In so far as the motion in arrest of judgment on account of supposed substantial defects in the indictment as a charge for murder of the first degree is concerned, suffice it to say that the question has been repeatedly decided in opposition to the grounds taken in the motion, and the latest and fullest discussion of the subject, together with all the authorities collated, can be found in the opinions delivered in the case of Sharpe v. The State, 17 Texas Ct. App., 486. An indictment charging a murder to have been committed with “malice aforethought” charges murder of the first degree. (Willson’s Crim. Forms, No. 388, p. 173.)

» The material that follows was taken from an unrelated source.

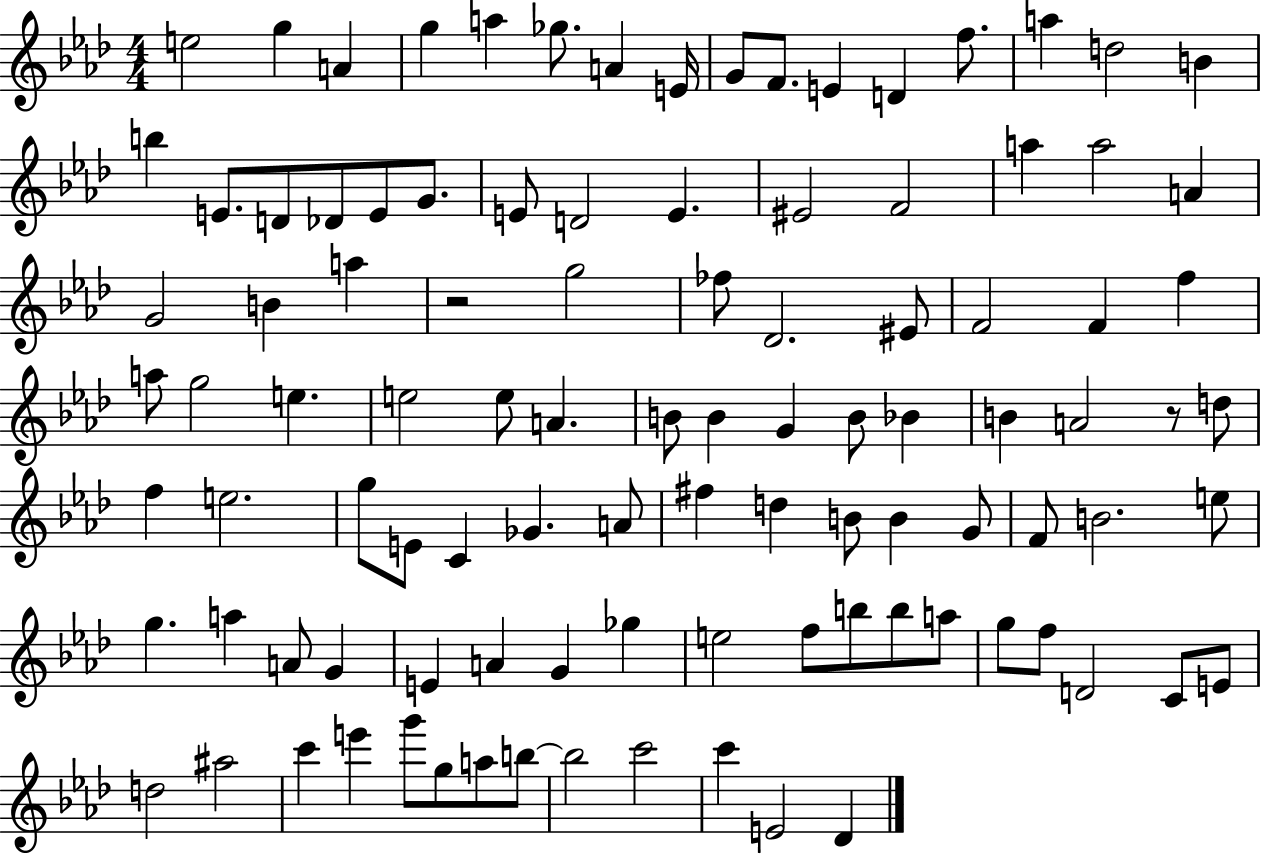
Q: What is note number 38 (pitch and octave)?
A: F4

On the examination of the State’s witnesses it was made to appear by the testimony of the witnesses Wright and Braley, from declarations made by defendant to them, that some three weeks prior to the homicide, Saffell, the deceased, had shot and seriously wounded appellant. These declarations concerning this previous difficulty and shooting are in substance the same as they are detailed by each of these witnesses, and we reproduce them from the testimony of Braley because stated by him more concisely. This witness was the sheriff of Ellis county, who arrested defendant. He says, “ before I arrested him, and before I told him I was sheriff of Ellis county, I asked him if he was the man that killed Saffell. He said, 6yes, I am the man.’ He also said that he ‘ did it in self-defense,’ and £ I thought I had a right to; he had shot me down about three weeks before and left me for dead, and had sent me word that if that shot did not kill me he had another that would, and I knew my only -chance was to kill him. I shot him about eighty steps off, and hit him within two inches of where I aimed.’ ” All the evidence showed *376that deceased was shot in the back, and his wife, who was with him at the time, testifies that he was shot from the brush behind them, and that they could not see and did not know who did the shooting.

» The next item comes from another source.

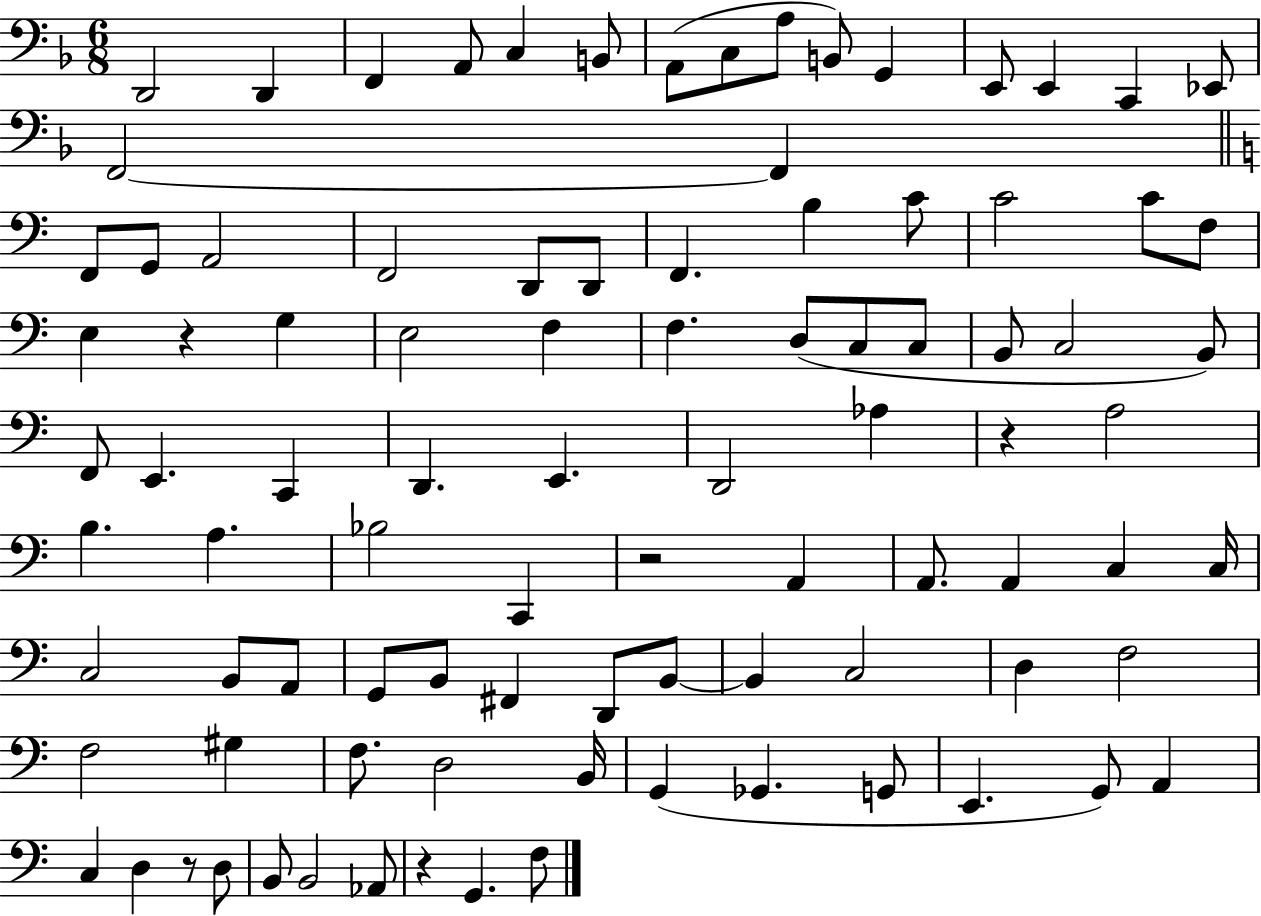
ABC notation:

In connection with this testimony defendant proposed to prove by his son, A. F. Penland, all the facts and circumstances attending the shooting of defendant by deceased; subsequent threats made at different times by deceased to different persons against defendant; that on several occasions between the shooting of defendant and the killing of Saffell the latter was seen in and about the premises of defendant, both in the day and night time, and that these things had been communicated to defendant; which evidence was, upon objection by the prosecution, excluded by the court as irrelevant and immaterial.

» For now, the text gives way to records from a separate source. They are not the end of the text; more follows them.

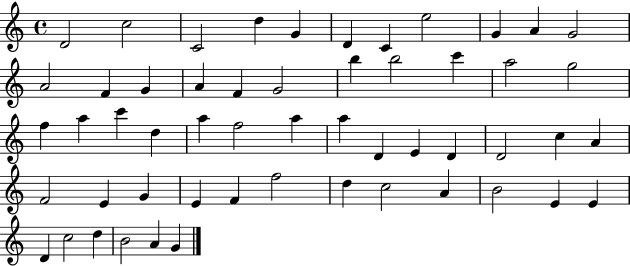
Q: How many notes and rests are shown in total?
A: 54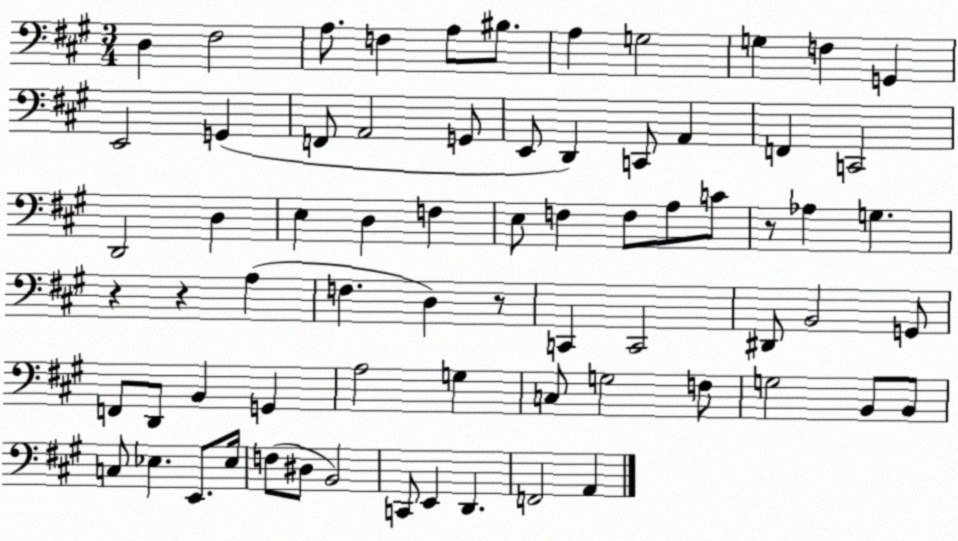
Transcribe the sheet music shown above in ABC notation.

X:1
T:Untitled
M:3/4
L:1/4
K:A
D, ^F,2 A,/2 F, A,/2 ^B,/2 A, G,2 G, F, G,, E,,2 G,, F,,/2 A,,2 G,,/2 E,,/2 D,, C,,/2 A,, F,, C,,2 D,,2 D, E, D, F, E,/2 F, F,/2 A,/2 C/2 z/2 _A, G, z z A, F, D, z/2 C,, C,,2 ^D,,/2 B,,2 G,,/2 F,,/2 D,,/2 B,, G,, A,2 G, C,/2 G,2 F,/2 G,2 B,,/2 B,,/2 C,/2 _E, E,,/2 _E,/4 F,/2 ^D,/2 B,,2 C,,/2 E,, D,, F,,2 A,,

As here involved, the question is not the admissibility of explanatory acts and declarations of defendant with reference to parts of acts and declarations admitted against him, and consequently the rule provided by article 751 of the Code of Criminal Procedure with regard to such explanatory matters is not applicable. If admissible at all, the proposed evidence was or could only be authorized and competent in support of or as throwing light upon the theory of the defense, which was justifiable homicide committed in self-defense. All the evidence, the admissions and declarations of defendant as well, wholly rebut the idea that the deceased, at the time he was killed, had the most remote idea of the proximity or presence of defendant,— much less that he was armed for the purpose, and at that time was meditating upon or manifesting any intention to carry into execution any previous threat made by him against the defendant. “ When a defendant accused of murder seeks to justify himself on the ground of threats against his own life, he may be permitted to introduce evidence of the threats made, but the same shall not be regarded as affording a justification for the offense unless it be shown that, at the time of the homicide, the person killed, by some act then done, manifested an intention to execute the threat so made.” (Penal Code, art. 608; Logan v. The State, 17 Texas Ct. App., 50.)

Upon this point the language used by the court in Allen v. The State, 17 Texas Ct. App., 637, is peculiarly appropriate to the testimony exhibited in this record. “Evidence of threats made by the deceased against the defendant could afford no justification for the homicide, in the absence of any evidence showing that, at the time of the homicide, the deceased, by some act then done, manifested an intention to execute the threat. There was no such evidence *377adduced on the trial, but, on the contrary, it was proved that the deceased was not making any demonstration whatever against defendant.” And this fact was established as well by the confessions of defendant as the testimony of deceased’s wife.

Deceased, who was a Confederate soldier, had been at home on furlough. He was spending his last Sabbath evening with his wife. In the morning he was to start to rejoin his command. He and his wife had strolled down into the creek-bottom; had sat upon the bank of the stream for half or three-quarters of an hour, talking of their future hopes and plans. They rose and started to return home, walking side by side, she with her arm around him, when, upon reaching a certain point in the pathway, of a sudden there is the report of a gun from the bushes in the direction from xvhich they have just come. He starts suddenly; she asks him if he is hurt; he answers yes, steps forward a few steps, falls forward upon his face, and is instantly dead. He is shot in the back, just an inch or so above the place where his wife’s arm was clasped about him, and where defendant said he had aimed to shoot him, so as to avoid shooting his wife through the arm. In the face of such testimony it is worse than idle and absurd to claim the protection of self-defense under the law of threats made by a deceased against his slayer. His own confessions as to how the homicide was committed fully corroborated the testimony of the wife of the deceased, and effectually eliminated all claim of self-defense on account of threats. The proposed evidence was wholly irrelevant, and could have thrown no light upon his conduct which would have tended in the slightest to justify it.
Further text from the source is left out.